I like Connor. My feeling is, make it as easy on the child as possible so that he doesn't have to spell his name a thousand times correcting people. I have to spell my last name ALL the time because it isn't the common spelling and it's a pain.:angry: I'm so used to having to spell it that when I use Jim's last name I automatically start to spell it though there's pretty much only one way to spell it. :smilie_tischkante: :HistericalSmiley:


----------



## educ8m (May 19, 2010)

As a teacher, I've had lots of Connors in my classroom. I always assume it's spelled with two Ns and and "OR" at the end. I always have to deliberately think about it and remember to spell it correctly when a student spells it differently.


----------



## kathym (Aug 5, 2006)

Love the name Connor ...:thumbsup:


----------



## Canada (Jun 4, 2009)

I voted on the Connor choice after reading everyone's input.
Connor Patrick sounds really nice!


----------



## edelweiss (Apr 23, 2010)

A person's name is the most important word in his/her vocabulary---so it is good that so much thought goes into it Erin! :thumbsup:
Our oldest daughter is named Karin Jori, a family name of Swedish desent---pronounced Car(auto) -rin, Yori.

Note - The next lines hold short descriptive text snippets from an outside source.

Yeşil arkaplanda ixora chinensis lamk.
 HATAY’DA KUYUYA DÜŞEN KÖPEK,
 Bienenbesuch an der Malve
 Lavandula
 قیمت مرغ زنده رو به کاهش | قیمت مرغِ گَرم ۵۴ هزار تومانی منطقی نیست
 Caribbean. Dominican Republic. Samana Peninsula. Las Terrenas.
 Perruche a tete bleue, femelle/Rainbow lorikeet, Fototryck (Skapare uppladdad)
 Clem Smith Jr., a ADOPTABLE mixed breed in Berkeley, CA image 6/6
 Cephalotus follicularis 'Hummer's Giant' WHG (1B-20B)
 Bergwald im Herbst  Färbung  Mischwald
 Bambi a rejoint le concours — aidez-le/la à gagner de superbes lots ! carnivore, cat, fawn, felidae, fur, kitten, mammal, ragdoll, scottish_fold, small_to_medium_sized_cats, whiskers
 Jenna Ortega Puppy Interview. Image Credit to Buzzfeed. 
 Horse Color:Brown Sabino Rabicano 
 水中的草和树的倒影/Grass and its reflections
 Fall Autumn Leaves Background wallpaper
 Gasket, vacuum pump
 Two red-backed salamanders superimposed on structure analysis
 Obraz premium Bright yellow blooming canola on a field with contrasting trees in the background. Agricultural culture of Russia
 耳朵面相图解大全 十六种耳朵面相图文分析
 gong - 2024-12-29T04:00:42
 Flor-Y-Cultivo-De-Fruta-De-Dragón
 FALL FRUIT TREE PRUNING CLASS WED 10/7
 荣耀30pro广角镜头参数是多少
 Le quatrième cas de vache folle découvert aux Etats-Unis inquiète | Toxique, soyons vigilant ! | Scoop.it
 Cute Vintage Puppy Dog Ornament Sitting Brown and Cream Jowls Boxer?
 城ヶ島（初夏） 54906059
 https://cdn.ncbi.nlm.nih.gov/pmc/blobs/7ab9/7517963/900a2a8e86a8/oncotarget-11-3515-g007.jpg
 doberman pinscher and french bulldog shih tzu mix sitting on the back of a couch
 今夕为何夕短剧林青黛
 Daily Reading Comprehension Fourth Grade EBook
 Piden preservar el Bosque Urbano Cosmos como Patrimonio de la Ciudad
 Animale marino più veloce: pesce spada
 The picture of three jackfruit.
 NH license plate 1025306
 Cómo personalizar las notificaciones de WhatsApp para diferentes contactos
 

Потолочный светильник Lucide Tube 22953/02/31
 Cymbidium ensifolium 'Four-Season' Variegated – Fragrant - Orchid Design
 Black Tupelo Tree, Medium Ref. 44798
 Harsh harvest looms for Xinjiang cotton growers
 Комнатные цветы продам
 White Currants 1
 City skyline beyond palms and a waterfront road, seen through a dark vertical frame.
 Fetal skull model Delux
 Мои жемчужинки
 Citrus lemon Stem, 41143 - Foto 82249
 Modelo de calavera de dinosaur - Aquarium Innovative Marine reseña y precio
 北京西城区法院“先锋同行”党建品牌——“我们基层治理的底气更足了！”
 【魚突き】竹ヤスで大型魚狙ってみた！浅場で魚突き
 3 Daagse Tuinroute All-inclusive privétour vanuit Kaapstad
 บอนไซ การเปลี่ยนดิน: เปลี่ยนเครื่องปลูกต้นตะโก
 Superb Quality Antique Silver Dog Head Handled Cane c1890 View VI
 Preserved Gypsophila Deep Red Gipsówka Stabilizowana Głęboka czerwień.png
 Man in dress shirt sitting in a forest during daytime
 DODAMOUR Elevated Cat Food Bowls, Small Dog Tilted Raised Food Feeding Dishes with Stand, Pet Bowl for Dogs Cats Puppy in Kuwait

She grew up in Germany/Austria/England & it is most often correctly pronounced there but when she went to university in the US they were not able to master it! :innocent: When she is called Karen---she doesn't even recognize it as her name---and people wonder why she doesn't answer! :smilie_tischkante: I have encouraged her to legally change the spelling to Kaarin---but she refuses---"Karin is MY name."
Whatever you choose I know your baby will be one sweet and precious child---I vote Connor Patrick.


----------



## uniquelovdolce (Mar 10, 2010)

i like connor ! my name is liza after liza minelli and you have no idea how many times ive been called lisa , leeza , lizza , liz , and especially hispanics always tell me my name in spanish is lisa , umm no its always liza .. lol


----------



## donnad (Aug 22, 2006)

I too like the name "Connor" !


----------